A parametric adaptive physics-informed greedy Latent Space Dynamics Identification (gLaSDI) method is proposed for accurate, efficient, and robust data-driven reduced-order modeling of high-dimensional nonlinear dynamical systems. In the proposed gLaSDI framework, an autoencoder discovers intrinsic nonlinear latent representations of high-dimensional data, while dynamics identification (DI) models capture local latent-space dynamics. An interactive training algorithm is adopted for the autoencoder and local DI models, which enables identification of simple latent-space dynamics and enhances accuracy and efficiency of data-driven reduced-order modeling. To maximize and accelerate the exploration of the parameter space for the optimal model performance, an adaptive greedy sampling algorithm integrated with a physics-informed residual-based error indicator and random-subset evaluation is introduced to search for the optimal training samples on the fly. Further, to exploit local latent-space dynamics captured by the local DI models for an improved modeling accuracy with a minimum number of local DI models in the parameter space, a k-nearest neighbor convex interpolation scheme is employed. The effectiveness of the proposed framework is demonstrated by modeling various nonlinear dynamical problems, including Burgers equations, nonlinear heat conduction, and radial advection. The proposed adaptive greedy sampling outperforms the conventional predefined uniform sampling in terms of accuracy. Compared with the high-fidelity models, gLaSDI achieves 17 to 2,658x speed-up with 1 to 5% relative errors.

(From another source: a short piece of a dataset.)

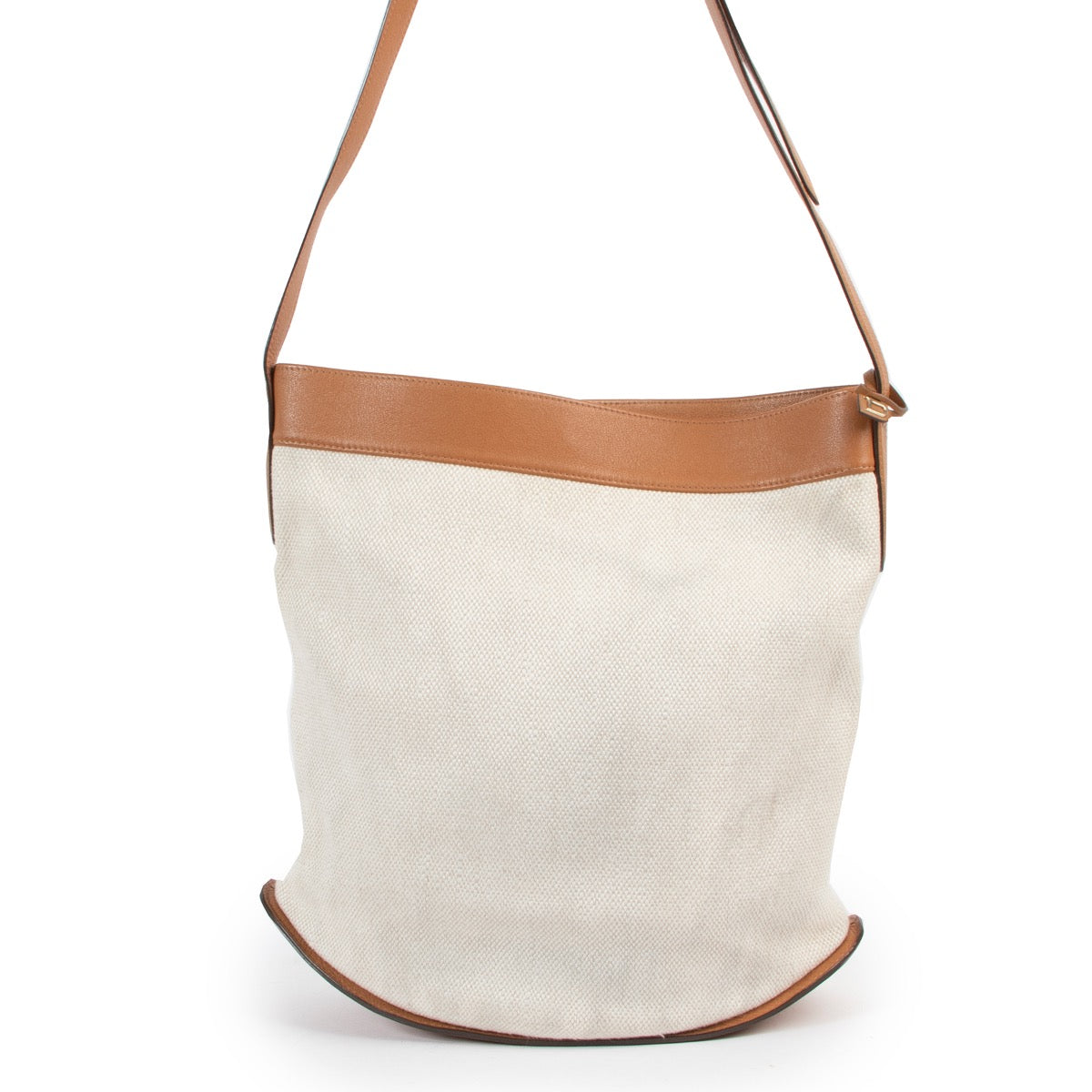 Shop safe online at Labellov in Antwerp this 100% authentic second hand Delvaux Beige Canvas Le Pin Shoulder Bag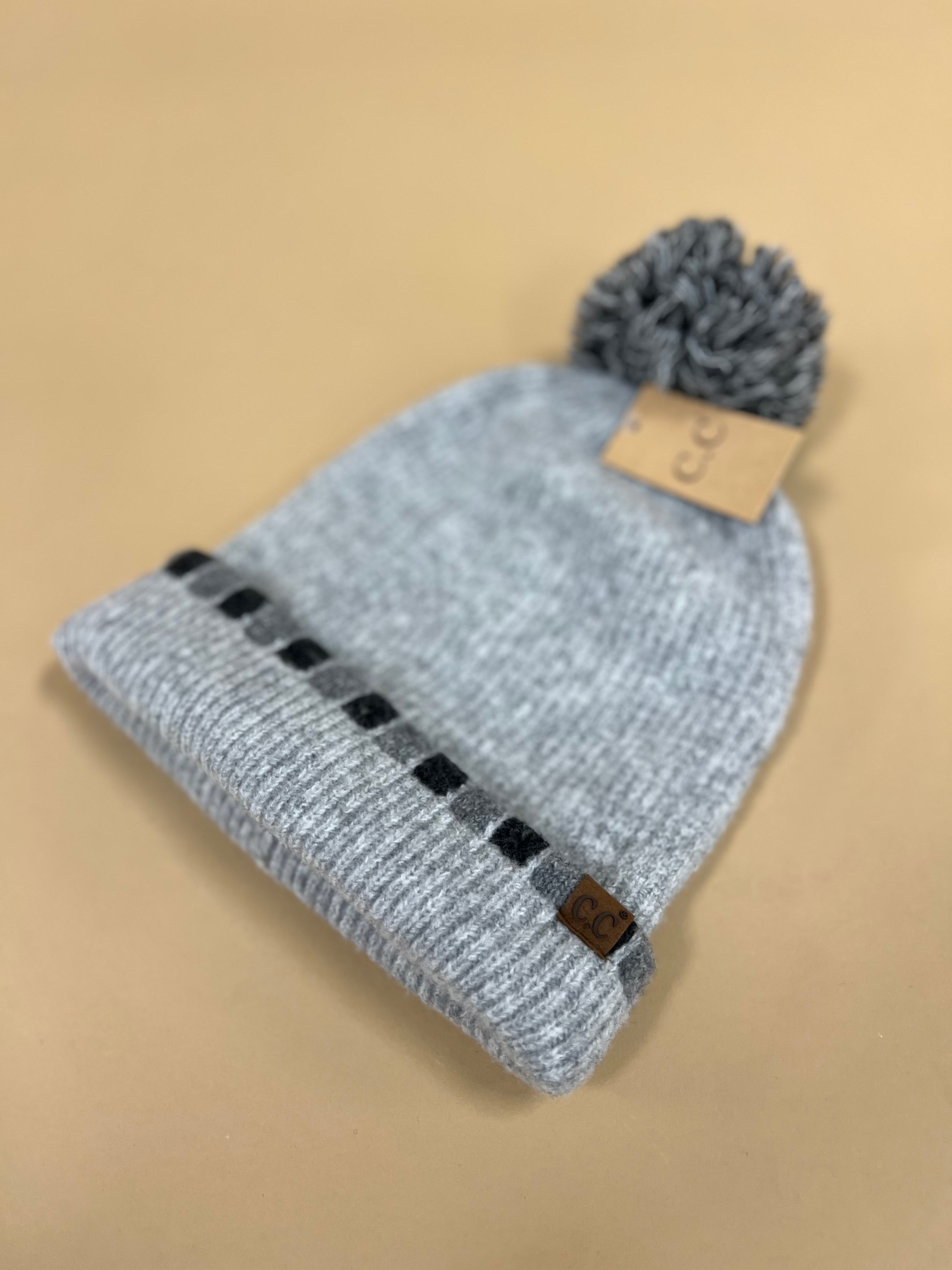 C.C Neutral Horizontal Stripe Cuffed Pom Beanie - Grey - Lace and Grace Boutique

翻译：本文提出了一种参数化自适应物理驱动贪心潜在空间动力学识别（gLaSDI）方法，用于对高维非线性动力系统进行准确、高效且鲁棒的数据驱动降阶建模。在提出的gLaSDI框架中，自编码器发现高维数据的内在非线性潜在表示，而动力学识别（DI）模型捕获局部潜在空间动力学。采用交互式训练算法训练自编码器和局部DI模型，能够识别简单的潜在空间动力学，并提高数据驱动降阶建模的准确性和效率。为了最大化并加速探索参数空间以实现最优模型性能，引入了一种结合物理信息残差误差指标和随机子集评估的自适应贪心采样算法，动态搜索最优训练样本。此外，为了利用局部DI模型捕获的局部潜在空间动力学，在参数空间中以最少数量的局部DI模型提高建模精度，采用了k近邻凸插值方案。通过建模各种非线性动力学问题（包括Burgers方程、非线性热传导和径向对流），验证了所提出框架的有效性。所提出的自适应贪心采样在精度上优于传统的预定义均匀采样。与高保真模型相比，gLaSDI实现了17到2,658倍的加速，相对误差仅为1%到5%。